In undergrad one of my friends switched majors from computer science to pre-dentistry because she didn’t think that programming was a truly useful skill. Sure, it could get her a job, but in the event of a zombie apocalypse or time portal accident no one would need her to build a website or compile binaries, but people would always need their teeth pulled.
At the time I thought her logic was reasonable, but I’ve recently bought my first house and in the process of fixing its myriad of problems have come to the realization that programming helps develop several transferable skills in fields where no computers are even used. Here are three examples of how I’ve used these skills in fixing electrical problems in my new house:
Anything Can be Debugged
When the project I’m working on doesn’t easily provide interactivity or print statements, like with hardware description languages on FPGAs or C/C++ code before I learned how to use gdb, I use a variation of the “wolf fence algorithm” to make it work.
Though you might not have heard of this term, you’ve likely used it. The algorithm solves the problem of how you find a lone wolf in Alaska: build a wall bisecting the state, then listen in either section for the howl. Then bisect the section with a howl again, and again and again, until you’re within biting distance.
This algorithm can be applied to figuring out why a circuit in your house isn’t providing power like it can to finding segmentation faults in your code: make one change between tests and iterate based on the result. Of course, the tricky part of debugging is often coming up with what to try next, but just as there’s a finite number of lines in your code, there’s a finite number of switches and outlets on any circuit.
The User Comes First
Budgeting time to think about how my project is going to be used before implementation saves time down the road. I’ve wasted effort by building a slew of functionality when I only needed it to do one thing well. I’ve spent days prettifying GUIs and then been frustrated when the most common action takes three button clicks instead of one.
Similarly, it’s important to think about how I’m going to live in my house before I make any changes to it.
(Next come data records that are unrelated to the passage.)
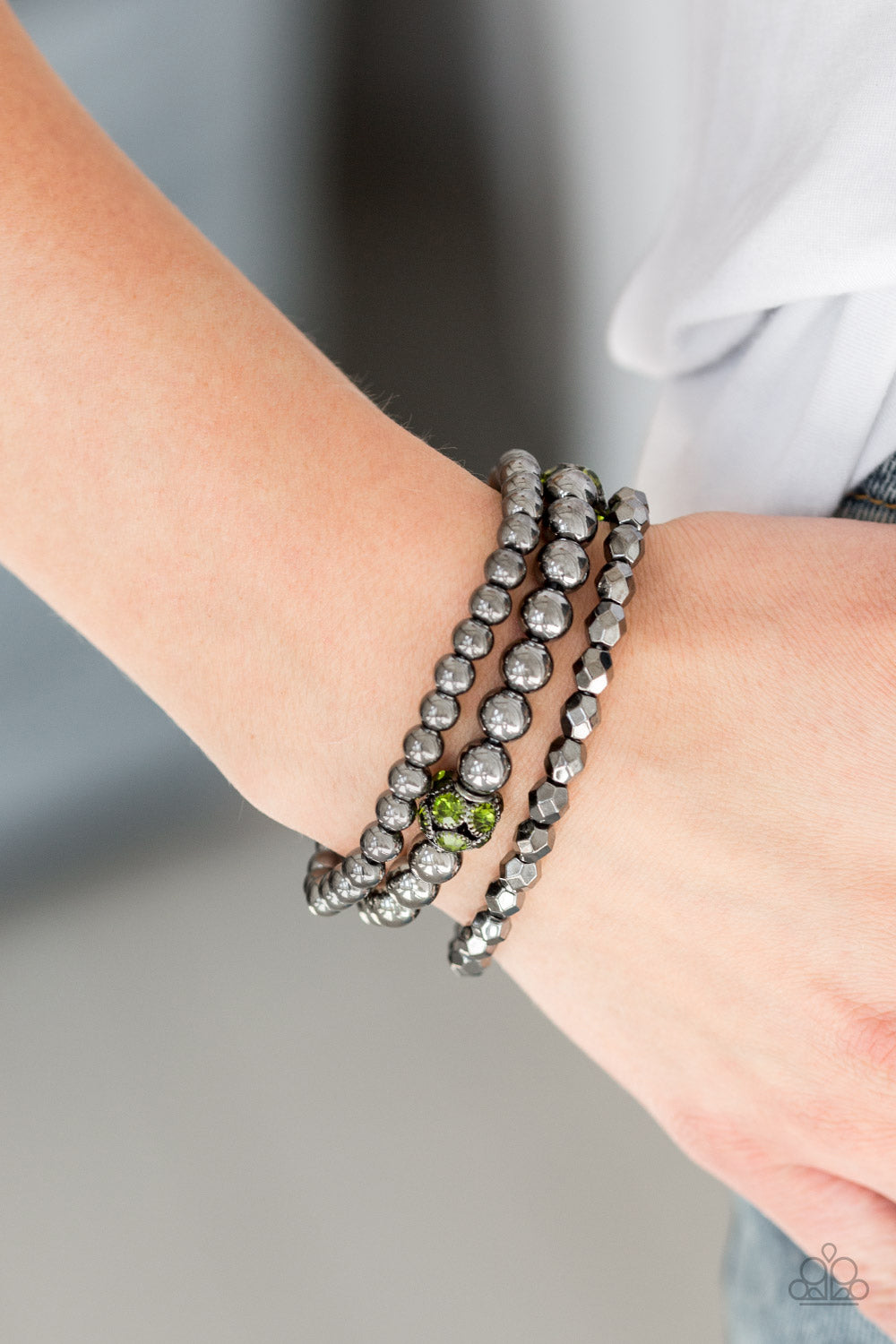 Paparazzi Bracelets - Noticeably Noir - Green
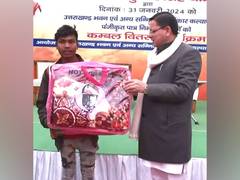 
      
      Uttarakhand Chief Minister Dham distributes blankets to workers
      
      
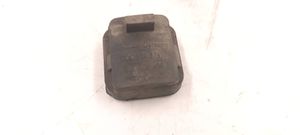 Audi A4 S4 B5 8D Staffa del pannello di supporto del radiatore 8D0121276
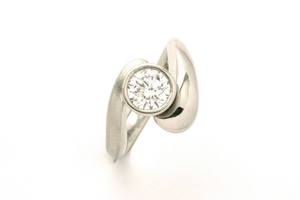 bespoke .90ct brilliant cut diamond engagement ring set in platinum hand made by charmian beaton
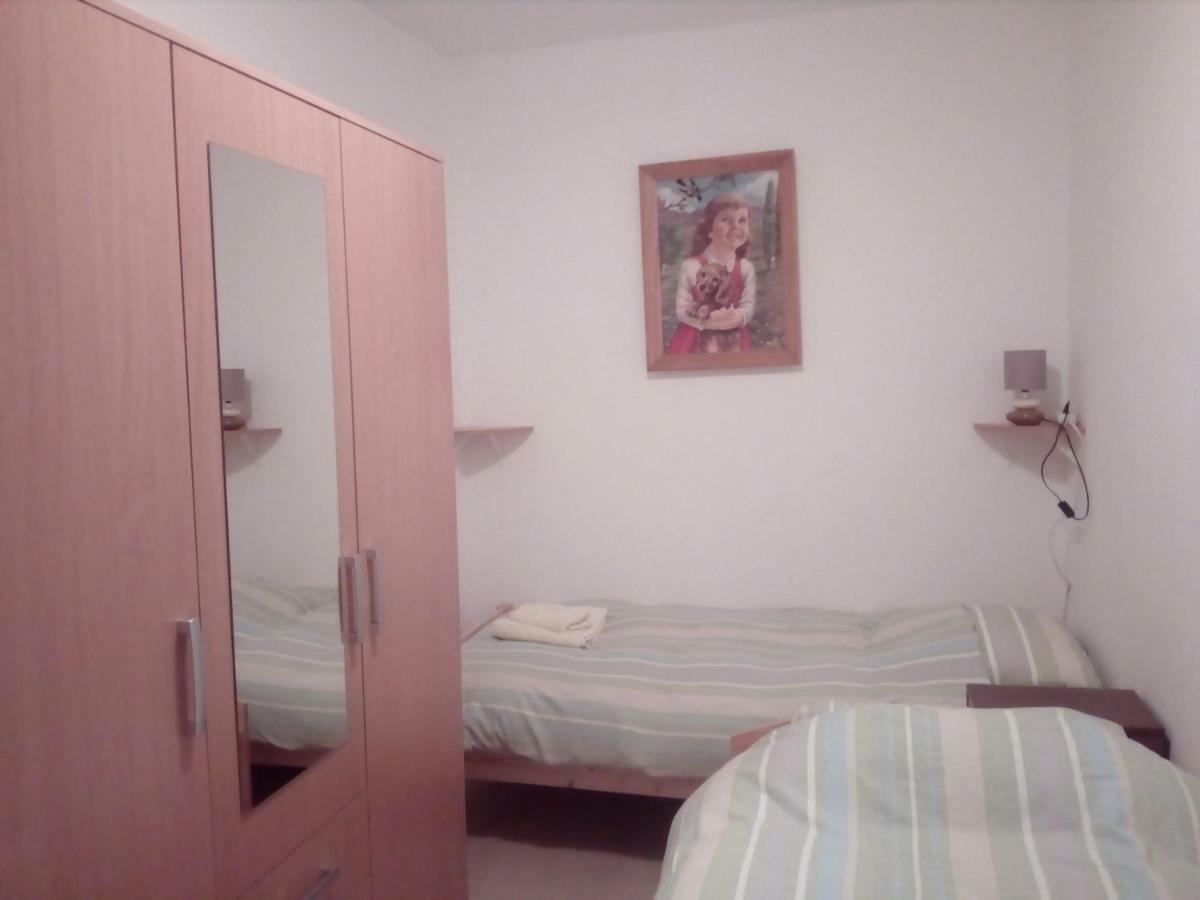 Rakalj Apartment Trsina מראה חיצוני תמונה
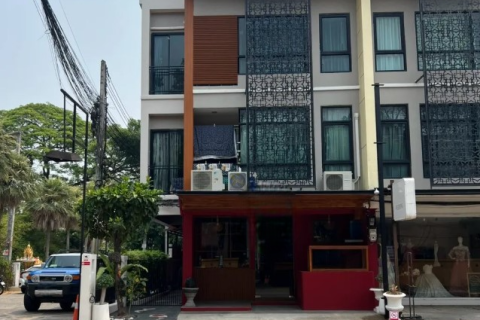 Таунхаус в Чиангмае, Таиланд с 4 спальнями  № 151410 - фото 1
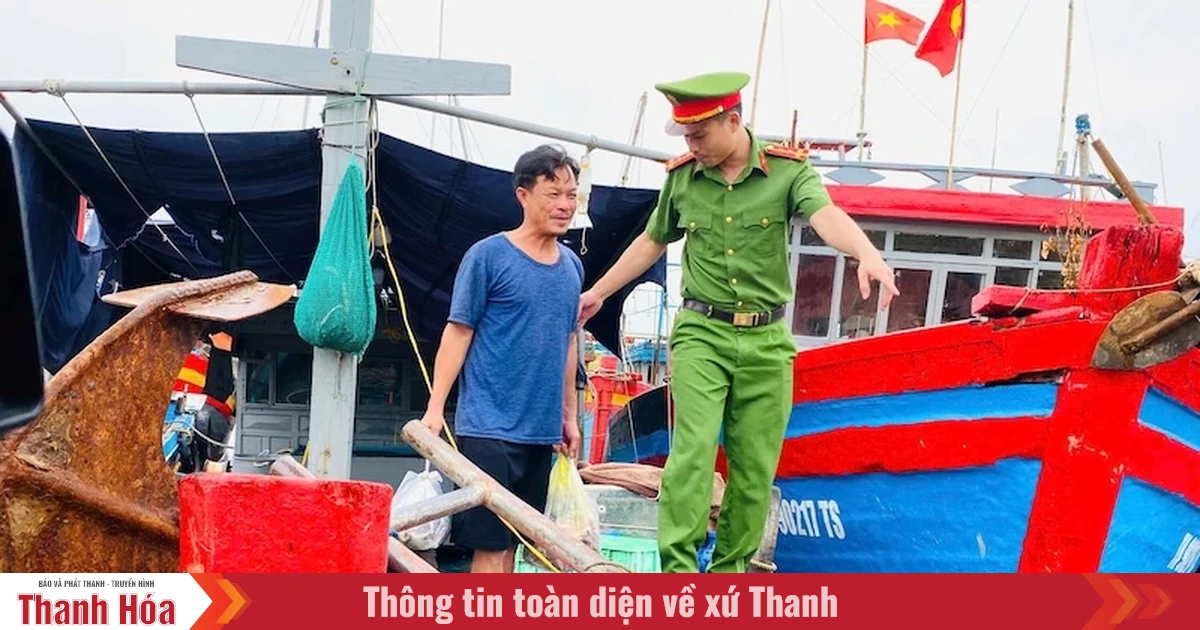ប៉ូលីស Thanh Hoa ការពារនិងប្រយុទ្ធនឹងព្យុះលេខ៣យ៉ាងសកម្ម
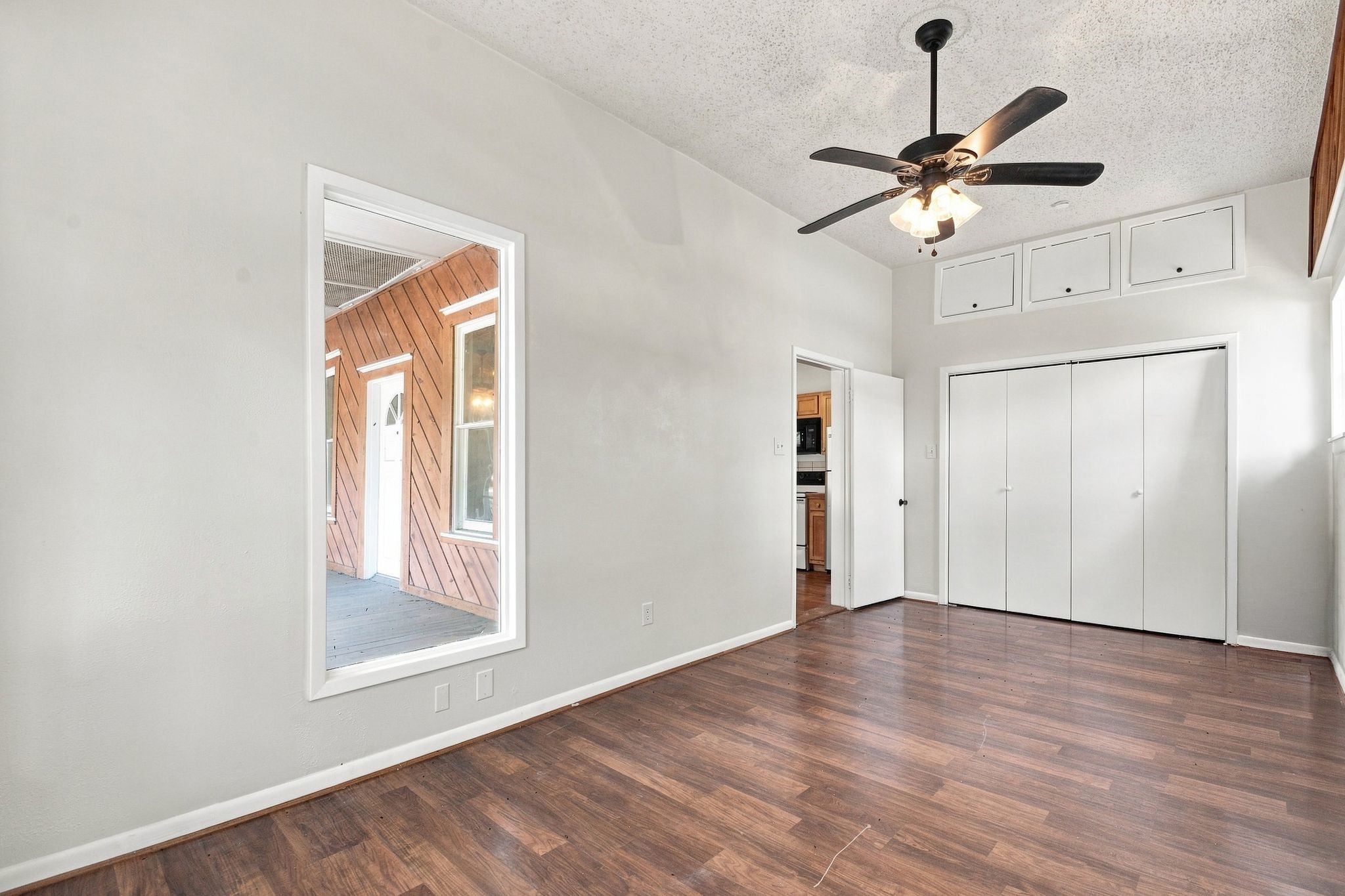510 S Washington Property Photo 7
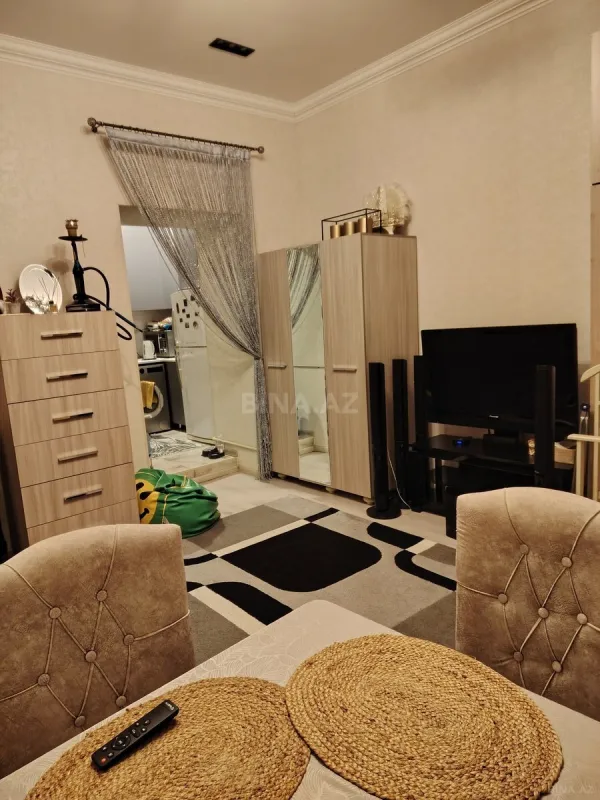Satılır 1 otaqlı həyət evi 35 m²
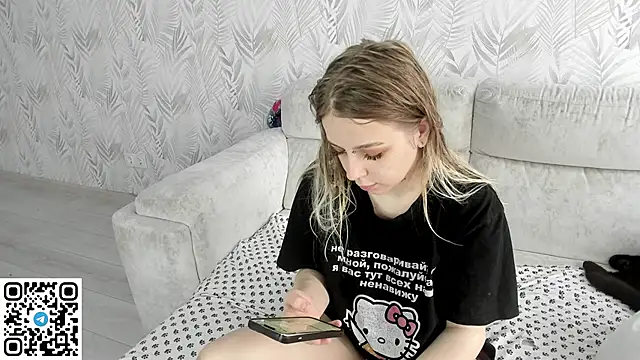 Snapshot of Alice_Halle chatting on May 21, 2026, 7:48 am Alice Halle online show from May 21, 2026, 7:48 am
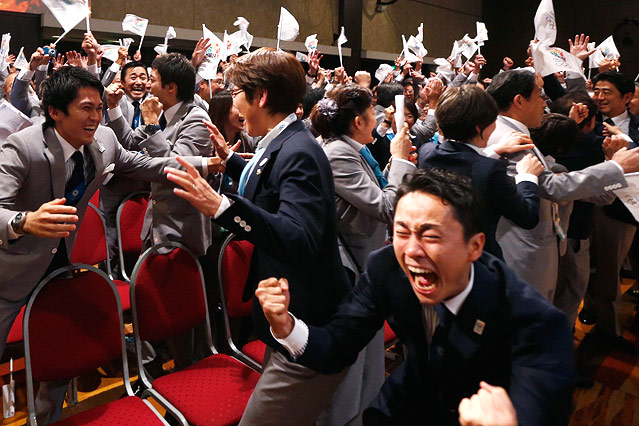 © Reuters/Marcos Brindicci
Das Japanische Kommitee jubelt über die Vergabe der Olympischen Sommerspiele 2020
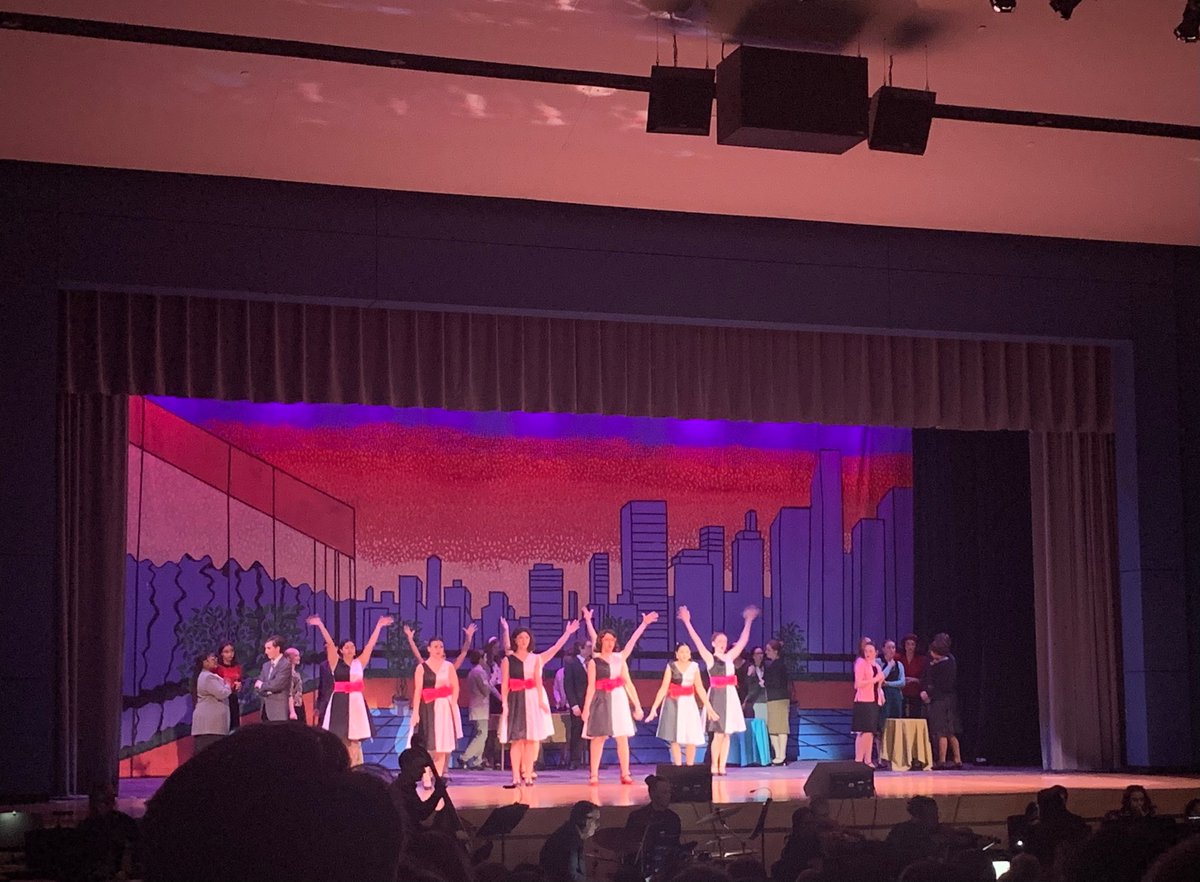 MsRyanRHS's tweet photo. Thank you Strong Teens for inviting Key Club to dinner and a show! We had a blast 🎶🎭 Congrats to the cast and crew of How to Succeed @revereplayers + special shout out to last night’s guest performer @DougFaris 👏🏼 such a fun night! @RevereLocal https://t.co/poyJ52R4CG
If I’m too short to reach, does it make sense to wire a switch on a ceiling light fixture as well as one on the wall? If my taller husband uses the ceiling switch, it will cause me frustration when the wall switch doesn’t turn the light on. It doesn’t make sense to add USB power to the outlet under my desk if there’s no way I’d get get on my hands and knees to use it, but it does make sense to add it to the closest outlet to my door so that I can charge my phone while I’m waiting for my ride.
Fear is the Progress Killer
I’ve worked on projects where I felt fear — what if my website has a security vulnerability and hackers take it over? What if I’m reading in the gray codes from this motor incorrectly and I make it overshoot its target? Though these were serious issues, had I attempted to guarantee that they would not happen, I never would have progressed. The same is true for electrical work. Though there is a serious risk of death if I stick your wet hand directly into a service, the consequences of messing up when a few precautions are taken are not serious enough to discourage me from trying.
If I backup my code and test in a sandbox environment, the consequences of a hacker finding my vulnerabilities are small because I can always shut down my website and try again. If I turn off the circuit I’m working on, and the consequences of mis-wiring an outlet are small because my house has more than one outlet.
I believe that these three examples are enough to qualify me as a useful member of my friend’s compound in the upcoming zombie apocalypse. Less facetiously, I think they provide an important point when it comes to deciding our educational goals.
In high school and undergrad, the humanities and social and natural sciences were sold as courses that would teach me how to think, whereas engineering, technology and business would teach me practical, specific skills. But this did not end up being my experience: programming has taught me how to think as much as the philosophy and history classes I took. We often enforce the message of learning to program in order to build a specific thing, but relatively little on the fundamentally transformative effects of thinking like a programmer.